■ Scraped caption text data:
########################################

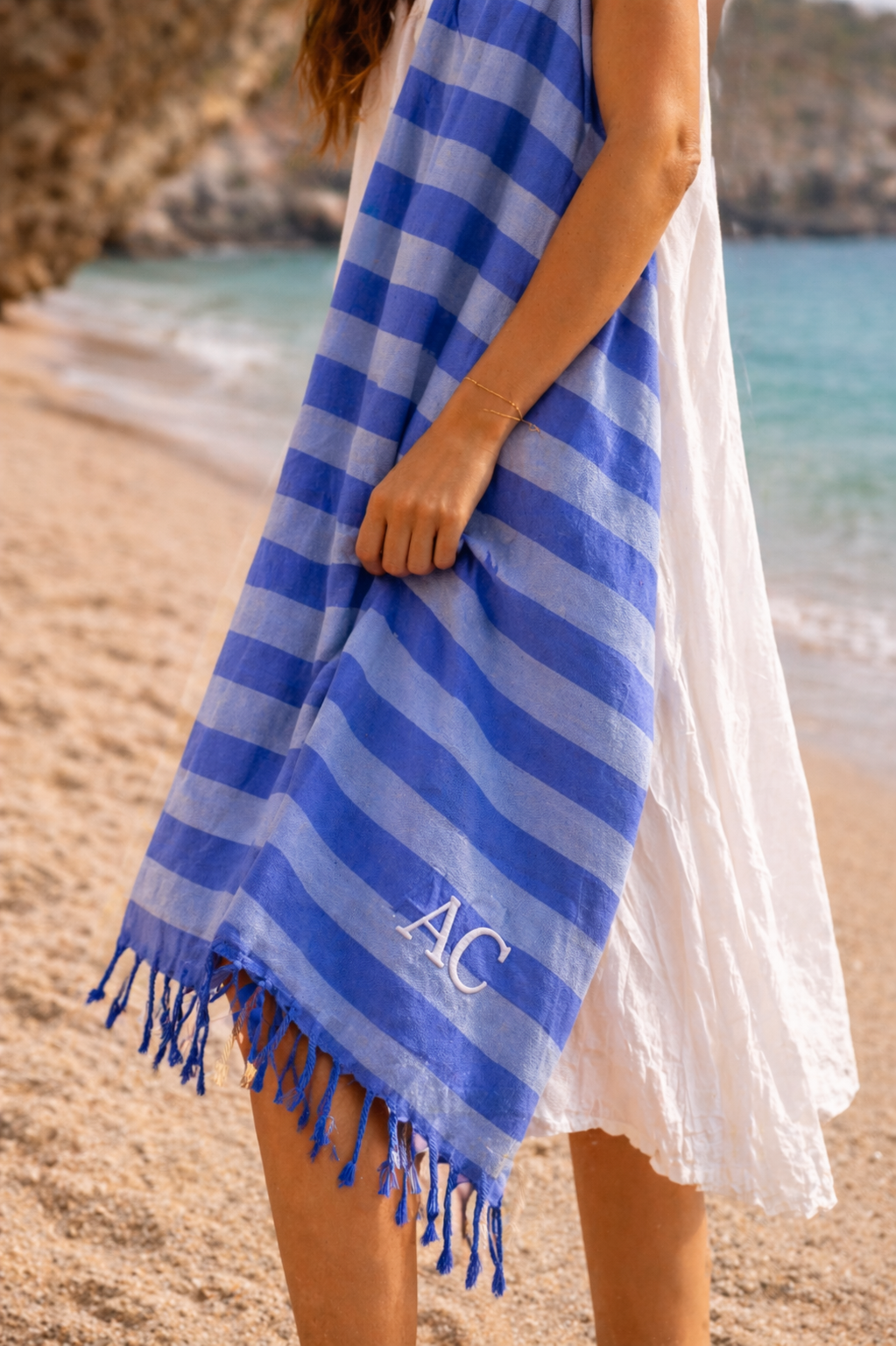 Toalha de praia azul com riscas e letras AC junto à praia.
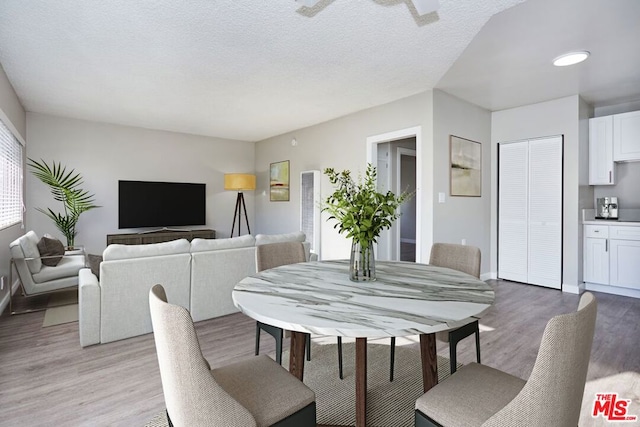 dining area featuring light wood-type flooring and a textured ceiling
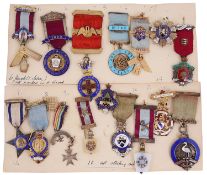 A collection of early 20th c. silver gilt and enamel Masonic jewels on ribbons and badges c.1920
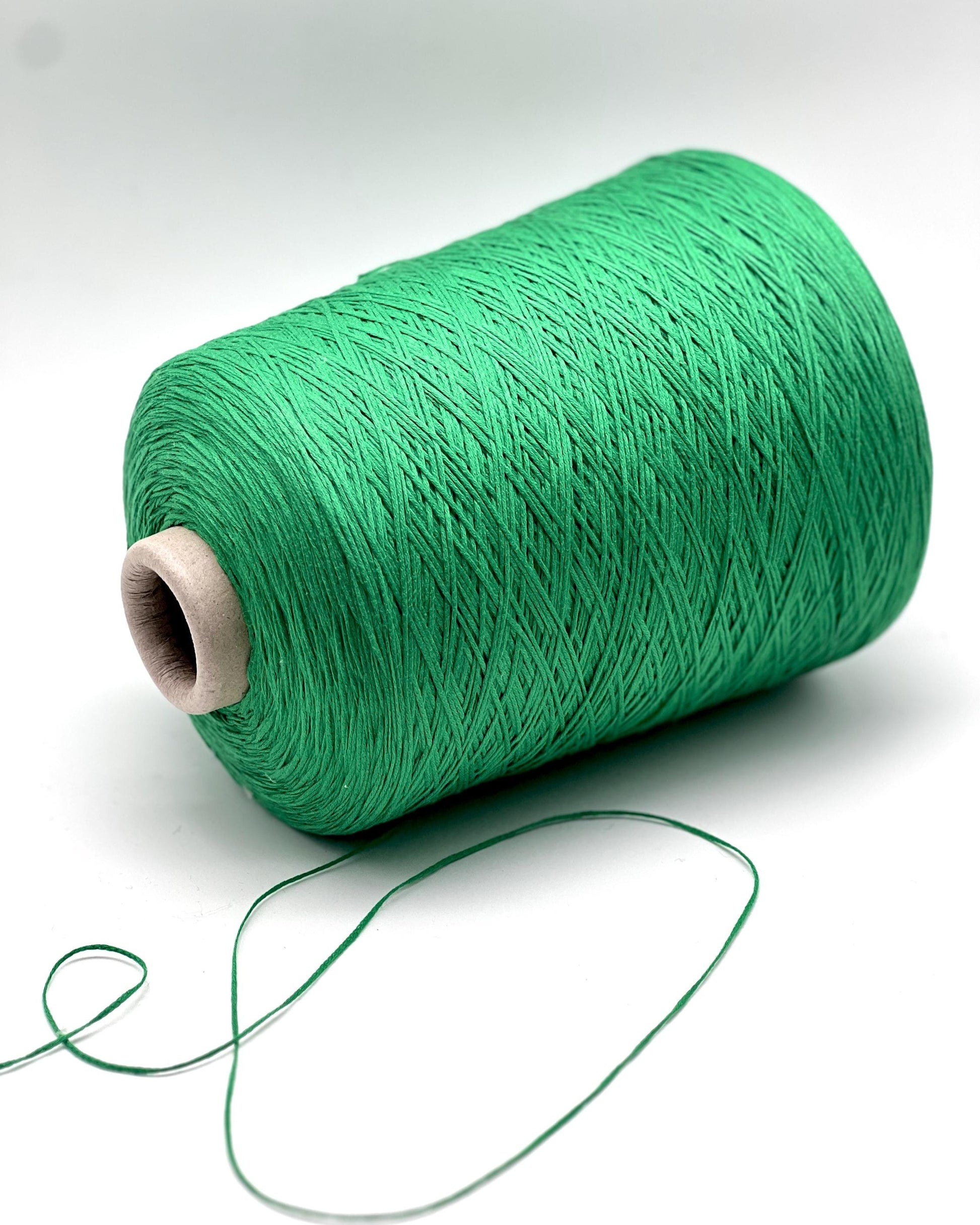 Spool of green thread on a white background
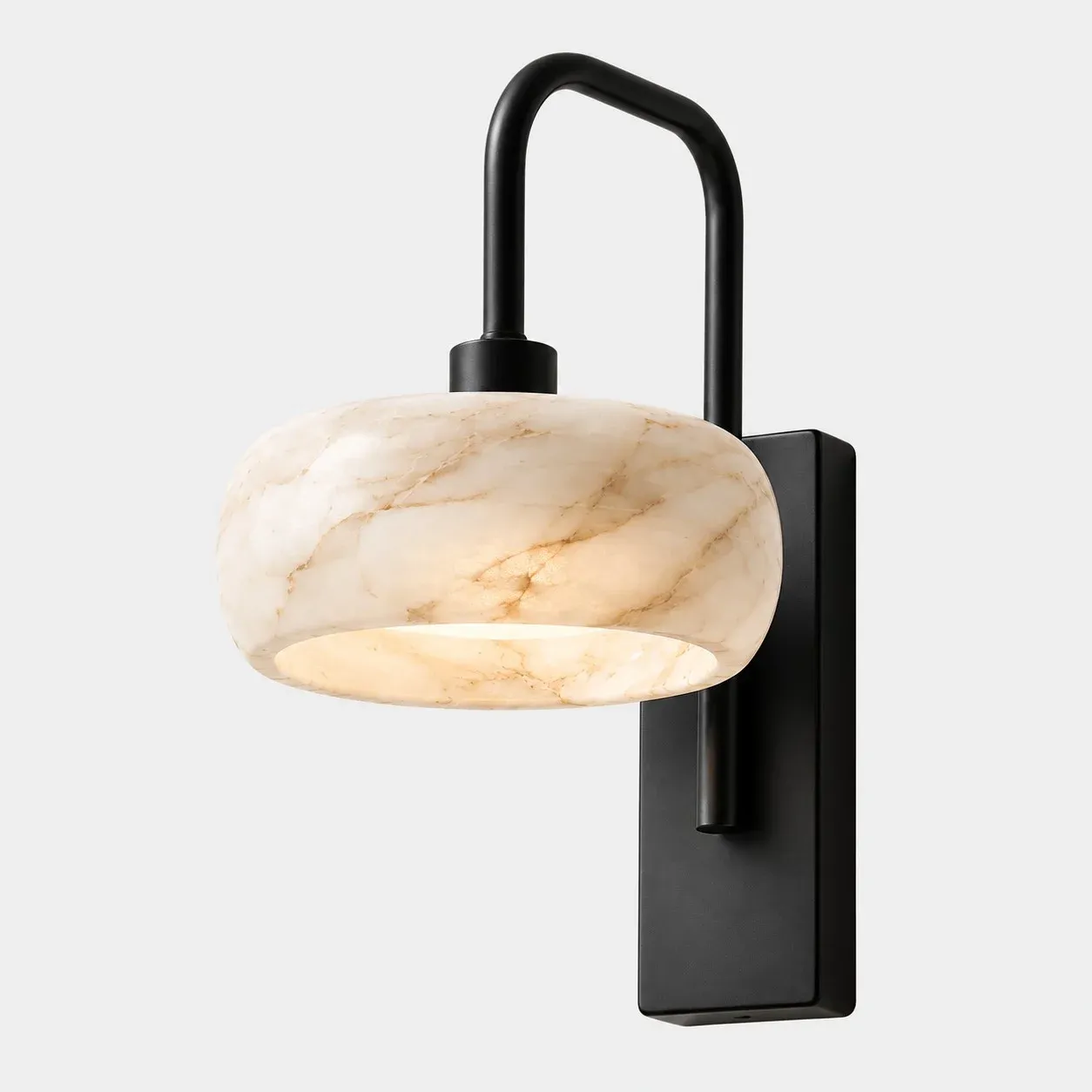 Rounded alabaster shade on a black metal backplate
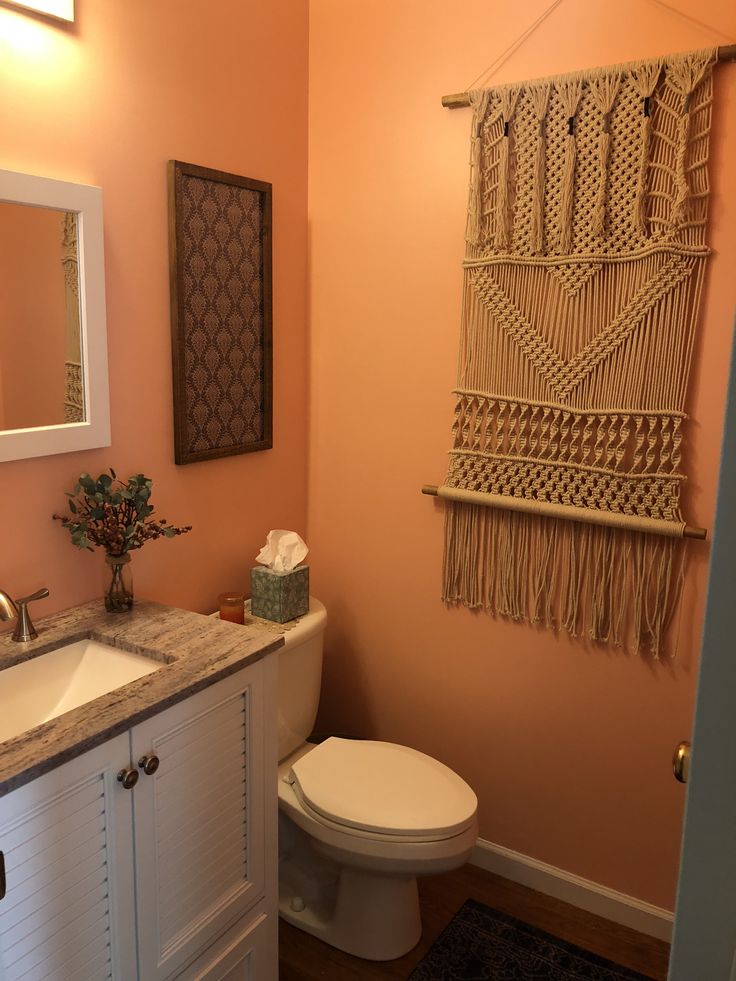 a white toilet sitting next to a sink in a bathroom under a hanging wall decoration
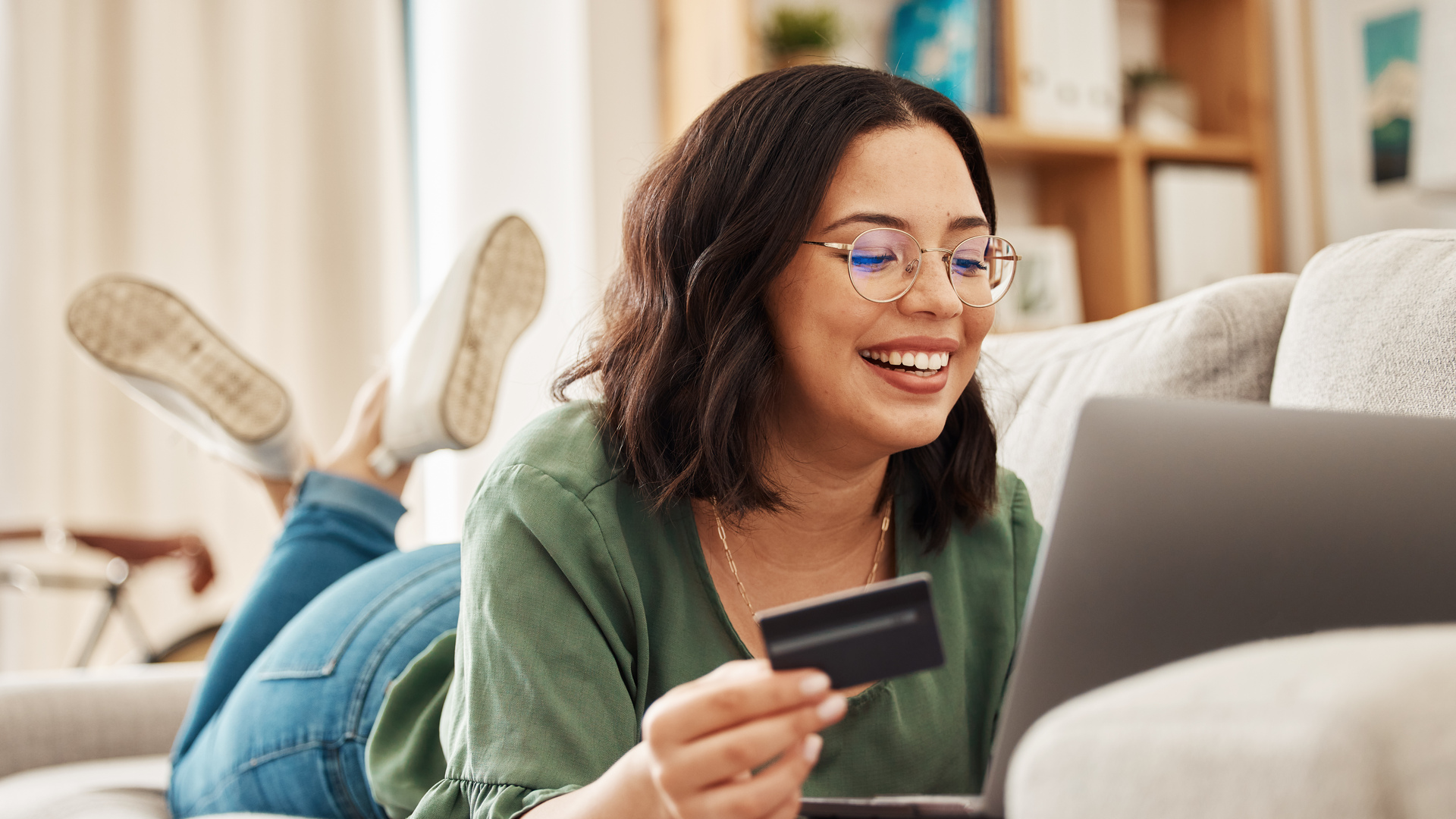 Relax, laptop and credit card, happy woman on couch in living room for internet banking in home for online shopping. Ecommerce payment, smile and cashback, girl on sofa with computer and website sale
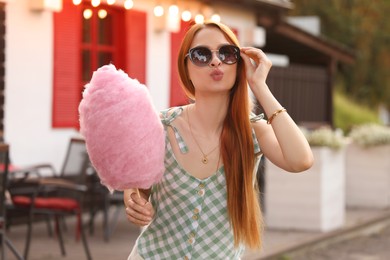 Beautiful woman with cotton candy outdoors on sunny day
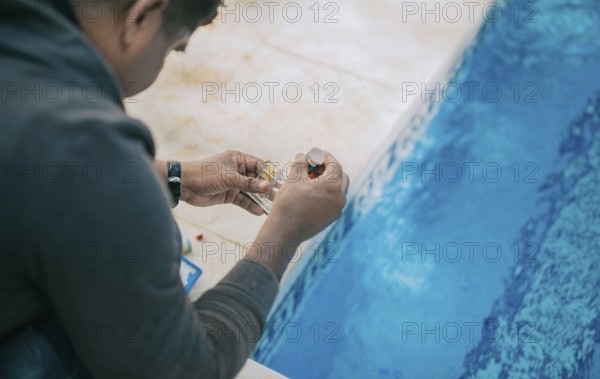 Tester kit to measure chlorine and ph in swimming pools. Person testing the PH of the pool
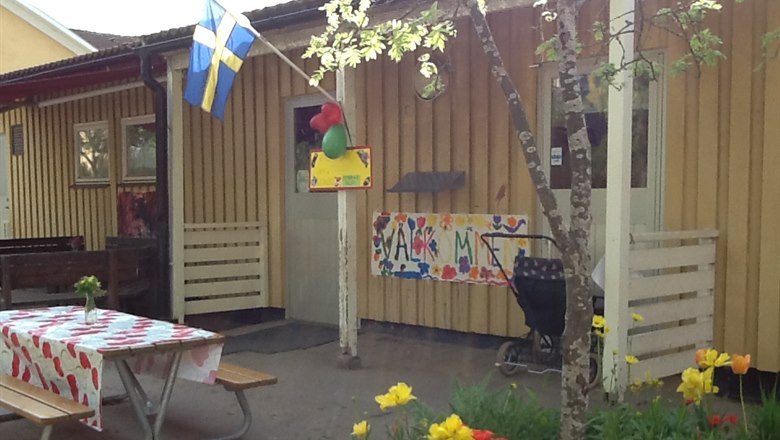 Entré tillförkloa med blommor ien rabatt, med ett bord och svenska flaggan , det finns en färgglad skylt som det står välkommen på
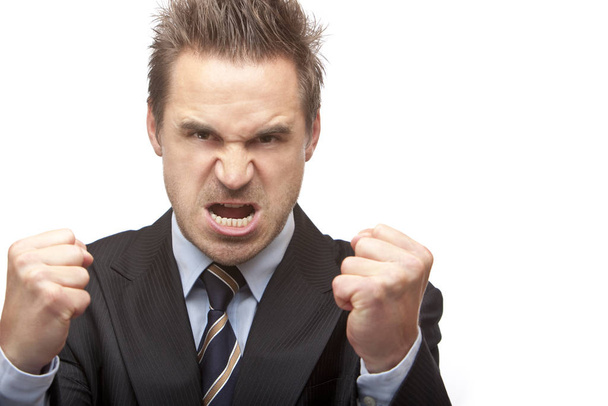 Businessman is quite angry and shows fists - 写真・画像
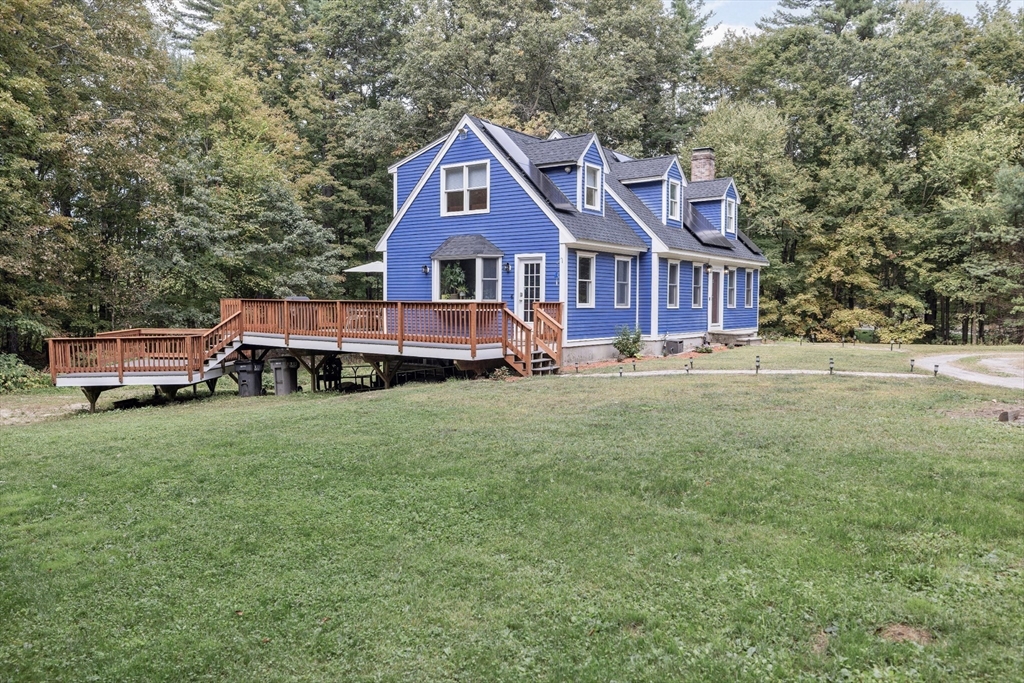 5 Friends Way Pepperell, MA 01463 - Photo 28 of 29 a front view of a house with garden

########################################

■ What is being asked: Repeat the records above exactly, without pictures.

■ Written answer:
 Toalha de praia azul com riscas e letras AC junto à praia.
 dining area featuring light wood-type flooring and a textured ceiling
 A collection of early 20th c. silver gilt and enamel Masonic jewels on ribbons and badges c.1920
 Spool of green thread on a white background
 Rounded alabaster shade on a black metal backplate
 a white toilet sitting next to a sink in a bathroom under a hanging wall decoration
 Relax, laptop and credit card, happy woman on couch in living room for internet banking in home for online shopping. Ecommerce payment, smile and cashback, girl on sofa with computer and website sale
 Beautiful woman with cotton candy outdoors on sunny day
 Tester kit to measure chlorine and ph in swimming pools. Person testing the PH of the pool
 Entré tillförkloa med blommor ien rabatt, med ett bord och svenska flaggan , det finns en färgglad skylt som det står välkommen på
 Businessman is quite angry and shows fists - 写真・画像
 5 Friends Way Pepperell, MA 01463 - Photo 28 of 29 a front view of a house with garden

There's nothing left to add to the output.